====== Listed entries

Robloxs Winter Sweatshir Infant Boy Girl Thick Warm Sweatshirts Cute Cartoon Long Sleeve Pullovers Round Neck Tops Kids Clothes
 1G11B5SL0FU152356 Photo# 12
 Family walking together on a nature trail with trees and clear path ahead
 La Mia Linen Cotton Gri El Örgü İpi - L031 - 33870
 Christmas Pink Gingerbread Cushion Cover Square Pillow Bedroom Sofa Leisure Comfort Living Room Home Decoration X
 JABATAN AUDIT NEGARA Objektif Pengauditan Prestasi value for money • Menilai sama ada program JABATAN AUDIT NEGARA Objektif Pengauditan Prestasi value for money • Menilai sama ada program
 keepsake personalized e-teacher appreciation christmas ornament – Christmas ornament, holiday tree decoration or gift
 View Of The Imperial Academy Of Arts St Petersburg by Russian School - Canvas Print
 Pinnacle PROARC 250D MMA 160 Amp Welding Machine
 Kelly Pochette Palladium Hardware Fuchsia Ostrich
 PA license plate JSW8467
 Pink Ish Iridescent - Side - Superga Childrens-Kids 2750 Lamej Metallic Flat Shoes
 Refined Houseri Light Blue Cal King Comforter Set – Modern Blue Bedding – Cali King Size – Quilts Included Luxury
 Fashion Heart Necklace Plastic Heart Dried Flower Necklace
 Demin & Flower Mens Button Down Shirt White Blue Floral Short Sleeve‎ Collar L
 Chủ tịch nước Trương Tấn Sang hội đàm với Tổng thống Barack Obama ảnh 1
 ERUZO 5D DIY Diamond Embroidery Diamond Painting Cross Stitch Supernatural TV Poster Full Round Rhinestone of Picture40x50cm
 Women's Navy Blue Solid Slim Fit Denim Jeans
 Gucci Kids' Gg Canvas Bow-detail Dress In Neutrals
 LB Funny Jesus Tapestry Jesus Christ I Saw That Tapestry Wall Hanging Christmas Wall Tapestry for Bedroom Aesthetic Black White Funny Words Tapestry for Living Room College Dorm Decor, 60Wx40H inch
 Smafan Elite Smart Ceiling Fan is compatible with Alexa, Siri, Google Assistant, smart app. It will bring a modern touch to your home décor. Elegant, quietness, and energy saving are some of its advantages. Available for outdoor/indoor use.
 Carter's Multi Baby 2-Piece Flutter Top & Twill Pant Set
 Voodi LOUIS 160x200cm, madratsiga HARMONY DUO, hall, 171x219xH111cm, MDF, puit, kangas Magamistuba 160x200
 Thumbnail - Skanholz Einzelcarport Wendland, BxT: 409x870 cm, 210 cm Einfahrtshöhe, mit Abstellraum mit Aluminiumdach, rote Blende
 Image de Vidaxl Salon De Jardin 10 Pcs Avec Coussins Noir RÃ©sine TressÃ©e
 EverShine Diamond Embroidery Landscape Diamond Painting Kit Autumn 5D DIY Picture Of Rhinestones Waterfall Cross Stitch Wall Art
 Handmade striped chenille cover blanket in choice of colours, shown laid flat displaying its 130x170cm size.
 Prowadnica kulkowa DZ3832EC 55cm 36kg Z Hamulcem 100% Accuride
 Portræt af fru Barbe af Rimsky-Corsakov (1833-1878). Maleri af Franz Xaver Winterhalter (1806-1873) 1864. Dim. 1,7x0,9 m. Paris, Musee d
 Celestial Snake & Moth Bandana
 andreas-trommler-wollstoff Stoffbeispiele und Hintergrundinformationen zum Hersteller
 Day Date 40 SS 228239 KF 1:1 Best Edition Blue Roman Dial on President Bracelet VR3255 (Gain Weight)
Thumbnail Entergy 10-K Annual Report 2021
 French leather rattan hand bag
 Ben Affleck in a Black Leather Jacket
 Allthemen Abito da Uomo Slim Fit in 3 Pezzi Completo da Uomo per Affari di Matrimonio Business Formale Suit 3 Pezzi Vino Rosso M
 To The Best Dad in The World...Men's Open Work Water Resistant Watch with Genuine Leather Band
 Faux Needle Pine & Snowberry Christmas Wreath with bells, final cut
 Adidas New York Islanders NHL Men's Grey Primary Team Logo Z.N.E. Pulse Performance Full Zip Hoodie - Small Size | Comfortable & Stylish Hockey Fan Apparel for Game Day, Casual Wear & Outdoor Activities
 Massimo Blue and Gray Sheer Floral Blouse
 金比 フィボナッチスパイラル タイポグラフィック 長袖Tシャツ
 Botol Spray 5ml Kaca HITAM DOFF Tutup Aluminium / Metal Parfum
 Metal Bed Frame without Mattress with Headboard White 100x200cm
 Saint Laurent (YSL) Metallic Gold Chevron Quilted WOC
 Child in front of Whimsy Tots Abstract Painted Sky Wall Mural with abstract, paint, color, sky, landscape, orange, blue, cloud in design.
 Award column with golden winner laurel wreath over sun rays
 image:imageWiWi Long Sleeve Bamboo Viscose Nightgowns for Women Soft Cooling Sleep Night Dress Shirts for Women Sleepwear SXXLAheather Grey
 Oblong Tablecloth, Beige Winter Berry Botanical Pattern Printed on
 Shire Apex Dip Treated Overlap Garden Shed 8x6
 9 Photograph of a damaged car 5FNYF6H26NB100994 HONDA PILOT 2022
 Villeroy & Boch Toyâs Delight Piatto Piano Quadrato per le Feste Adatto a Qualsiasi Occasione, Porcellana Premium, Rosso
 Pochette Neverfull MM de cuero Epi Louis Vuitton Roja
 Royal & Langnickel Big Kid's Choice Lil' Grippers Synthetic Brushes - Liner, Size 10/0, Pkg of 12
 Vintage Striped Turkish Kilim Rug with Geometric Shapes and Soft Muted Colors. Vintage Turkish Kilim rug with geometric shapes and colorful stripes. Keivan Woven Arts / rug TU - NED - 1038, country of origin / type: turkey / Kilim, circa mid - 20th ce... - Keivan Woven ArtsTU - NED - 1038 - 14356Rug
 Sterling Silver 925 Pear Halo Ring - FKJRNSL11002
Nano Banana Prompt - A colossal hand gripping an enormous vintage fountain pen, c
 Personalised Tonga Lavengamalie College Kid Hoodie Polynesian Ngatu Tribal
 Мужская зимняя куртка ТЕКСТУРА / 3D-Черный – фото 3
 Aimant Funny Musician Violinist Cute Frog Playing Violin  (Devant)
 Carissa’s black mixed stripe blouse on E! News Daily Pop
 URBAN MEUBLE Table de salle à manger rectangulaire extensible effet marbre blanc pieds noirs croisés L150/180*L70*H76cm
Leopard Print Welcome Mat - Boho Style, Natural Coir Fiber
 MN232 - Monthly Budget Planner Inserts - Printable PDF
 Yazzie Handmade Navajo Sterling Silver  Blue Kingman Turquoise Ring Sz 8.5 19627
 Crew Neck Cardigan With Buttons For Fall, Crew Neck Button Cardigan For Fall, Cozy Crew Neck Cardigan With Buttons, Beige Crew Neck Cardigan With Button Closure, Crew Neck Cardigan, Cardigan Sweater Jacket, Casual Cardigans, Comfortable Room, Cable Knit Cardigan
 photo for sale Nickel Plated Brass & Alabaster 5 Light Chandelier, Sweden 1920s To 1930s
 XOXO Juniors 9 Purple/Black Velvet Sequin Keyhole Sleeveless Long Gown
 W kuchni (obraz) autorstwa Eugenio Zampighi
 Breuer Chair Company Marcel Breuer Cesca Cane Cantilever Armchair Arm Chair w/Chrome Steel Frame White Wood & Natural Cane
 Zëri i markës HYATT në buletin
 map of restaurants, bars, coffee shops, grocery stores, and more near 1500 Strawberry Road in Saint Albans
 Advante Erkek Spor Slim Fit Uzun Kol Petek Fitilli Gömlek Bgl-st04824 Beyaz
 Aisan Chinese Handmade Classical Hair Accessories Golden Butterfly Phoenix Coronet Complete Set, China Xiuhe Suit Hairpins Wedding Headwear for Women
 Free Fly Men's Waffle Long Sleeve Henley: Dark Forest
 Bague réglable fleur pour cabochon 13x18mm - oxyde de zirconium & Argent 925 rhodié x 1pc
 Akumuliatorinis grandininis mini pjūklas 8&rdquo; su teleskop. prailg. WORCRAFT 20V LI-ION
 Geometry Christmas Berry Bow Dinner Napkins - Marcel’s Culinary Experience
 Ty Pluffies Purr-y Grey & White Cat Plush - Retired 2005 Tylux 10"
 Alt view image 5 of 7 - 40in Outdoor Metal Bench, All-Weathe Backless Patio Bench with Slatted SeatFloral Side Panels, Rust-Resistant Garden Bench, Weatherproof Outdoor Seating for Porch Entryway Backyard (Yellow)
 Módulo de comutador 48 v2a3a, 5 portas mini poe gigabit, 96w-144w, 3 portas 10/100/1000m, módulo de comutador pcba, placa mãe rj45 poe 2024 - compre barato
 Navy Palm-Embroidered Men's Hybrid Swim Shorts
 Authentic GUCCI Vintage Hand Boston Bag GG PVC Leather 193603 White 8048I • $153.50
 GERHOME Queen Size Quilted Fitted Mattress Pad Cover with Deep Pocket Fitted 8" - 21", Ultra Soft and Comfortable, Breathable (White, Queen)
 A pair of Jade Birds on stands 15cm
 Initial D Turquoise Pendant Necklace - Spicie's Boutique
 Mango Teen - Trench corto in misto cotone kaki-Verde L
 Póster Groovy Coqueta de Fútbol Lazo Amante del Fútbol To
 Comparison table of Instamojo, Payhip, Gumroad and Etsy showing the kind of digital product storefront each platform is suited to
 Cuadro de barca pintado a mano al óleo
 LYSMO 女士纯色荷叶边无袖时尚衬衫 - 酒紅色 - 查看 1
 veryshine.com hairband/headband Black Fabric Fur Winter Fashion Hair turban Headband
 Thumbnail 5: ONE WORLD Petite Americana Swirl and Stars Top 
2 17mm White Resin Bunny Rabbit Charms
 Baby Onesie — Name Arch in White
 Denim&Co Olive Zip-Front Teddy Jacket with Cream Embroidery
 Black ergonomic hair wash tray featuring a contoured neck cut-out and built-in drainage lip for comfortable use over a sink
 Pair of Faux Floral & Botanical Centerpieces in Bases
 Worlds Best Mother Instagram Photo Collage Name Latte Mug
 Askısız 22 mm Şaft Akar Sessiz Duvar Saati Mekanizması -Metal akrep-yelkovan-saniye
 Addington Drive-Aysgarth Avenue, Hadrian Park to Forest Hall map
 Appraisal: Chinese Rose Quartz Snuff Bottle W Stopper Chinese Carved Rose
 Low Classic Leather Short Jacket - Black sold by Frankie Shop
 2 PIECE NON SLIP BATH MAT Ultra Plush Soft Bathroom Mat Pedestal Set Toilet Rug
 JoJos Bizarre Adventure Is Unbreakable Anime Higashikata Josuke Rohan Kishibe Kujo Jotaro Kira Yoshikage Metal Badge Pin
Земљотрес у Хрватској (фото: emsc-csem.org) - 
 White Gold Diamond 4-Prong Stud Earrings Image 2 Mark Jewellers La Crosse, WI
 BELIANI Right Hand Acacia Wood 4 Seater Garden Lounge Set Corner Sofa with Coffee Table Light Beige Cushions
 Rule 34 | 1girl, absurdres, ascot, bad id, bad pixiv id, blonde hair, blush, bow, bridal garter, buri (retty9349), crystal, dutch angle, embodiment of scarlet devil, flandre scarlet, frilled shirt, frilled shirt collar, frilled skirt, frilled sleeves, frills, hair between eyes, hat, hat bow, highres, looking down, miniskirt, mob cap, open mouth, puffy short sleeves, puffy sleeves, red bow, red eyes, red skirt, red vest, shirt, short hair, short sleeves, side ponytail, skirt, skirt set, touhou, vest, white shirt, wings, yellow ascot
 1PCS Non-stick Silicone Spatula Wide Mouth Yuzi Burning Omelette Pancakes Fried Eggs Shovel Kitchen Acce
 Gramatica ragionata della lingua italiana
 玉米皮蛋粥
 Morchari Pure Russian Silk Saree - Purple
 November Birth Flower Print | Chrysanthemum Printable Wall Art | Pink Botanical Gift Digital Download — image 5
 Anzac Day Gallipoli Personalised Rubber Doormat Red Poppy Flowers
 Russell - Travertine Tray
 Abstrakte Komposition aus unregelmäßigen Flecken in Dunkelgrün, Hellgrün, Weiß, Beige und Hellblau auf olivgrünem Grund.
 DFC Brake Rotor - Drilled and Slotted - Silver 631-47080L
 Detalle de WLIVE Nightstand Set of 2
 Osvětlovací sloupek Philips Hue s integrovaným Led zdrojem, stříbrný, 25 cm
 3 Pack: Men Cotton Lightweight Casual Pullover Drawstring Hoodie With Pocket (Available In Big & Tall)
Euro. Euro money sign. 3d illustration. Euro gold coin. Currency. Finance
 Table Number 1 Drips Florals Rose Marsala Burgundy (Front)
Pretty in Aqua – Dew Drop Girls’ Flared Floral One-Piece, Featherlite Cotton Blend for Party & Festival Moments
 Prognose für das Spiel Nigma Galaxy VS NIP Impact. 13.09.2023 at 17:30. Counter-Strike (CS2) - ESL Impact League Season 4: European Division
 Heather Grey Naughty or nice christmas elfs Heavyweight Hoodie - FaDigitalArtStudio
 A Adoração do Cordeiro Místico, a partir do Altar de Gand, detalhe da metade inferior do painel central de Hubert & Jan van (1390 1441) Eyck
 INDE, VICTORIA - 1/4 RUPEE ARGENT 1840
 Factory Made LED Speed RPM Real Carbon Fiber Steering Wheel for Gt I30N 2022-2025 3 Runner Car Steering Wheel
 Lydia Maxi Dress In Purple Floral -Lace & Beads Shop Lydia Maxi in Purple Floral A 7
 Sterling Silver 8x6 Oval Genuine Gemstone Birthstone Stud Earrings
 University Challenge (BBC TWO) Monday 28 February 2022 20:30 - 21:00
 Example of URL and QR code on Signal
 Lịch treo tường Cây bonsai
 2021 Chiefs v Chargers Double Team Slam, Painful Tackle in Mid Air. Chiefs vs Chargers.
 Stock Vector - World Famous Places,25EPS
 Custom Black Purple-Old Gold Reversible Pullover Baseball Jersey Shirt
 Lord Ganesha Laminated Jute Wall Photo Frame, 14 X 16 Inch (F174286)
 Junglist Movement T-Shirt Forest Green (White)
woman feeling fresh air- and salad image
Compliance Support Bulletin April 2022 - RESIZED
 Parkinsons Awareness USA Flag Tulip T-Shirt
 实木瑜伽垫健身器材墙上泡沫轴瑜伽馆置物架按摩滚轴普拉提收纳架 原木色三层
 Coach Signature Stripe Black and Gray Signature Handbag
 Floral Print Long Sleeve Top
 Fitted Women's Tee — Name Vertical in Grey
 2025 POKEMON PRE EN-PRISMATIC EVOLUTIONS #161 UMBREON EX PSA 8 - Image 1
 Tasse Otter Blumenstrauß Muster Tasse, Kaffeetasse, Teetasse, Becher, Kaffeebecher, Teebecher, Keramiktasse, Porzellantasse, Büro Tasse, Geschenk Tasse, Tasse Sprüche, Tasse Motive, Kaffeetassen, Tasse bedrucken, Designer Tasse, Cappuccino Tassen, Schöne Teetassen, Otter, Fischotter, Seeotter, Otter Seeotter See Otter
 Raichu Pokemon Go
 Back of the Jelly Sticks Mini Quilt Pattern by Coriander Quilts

============

Required action:
If a line in the listing contains the string "Painting", copy it.

Output of the exercise:
 ERUZO 5D DIY Diamond Embroidery Diamond Painting Cross Stitch Supernatural TV Poster Full Round Rhinestone of Picture40x50cm
 EverShine Diamond Embroidery Landscape Diamond Painting Kit Autumn 5D DIY Picture Of Rhinestones Waterfall Cross Stitch Wall Art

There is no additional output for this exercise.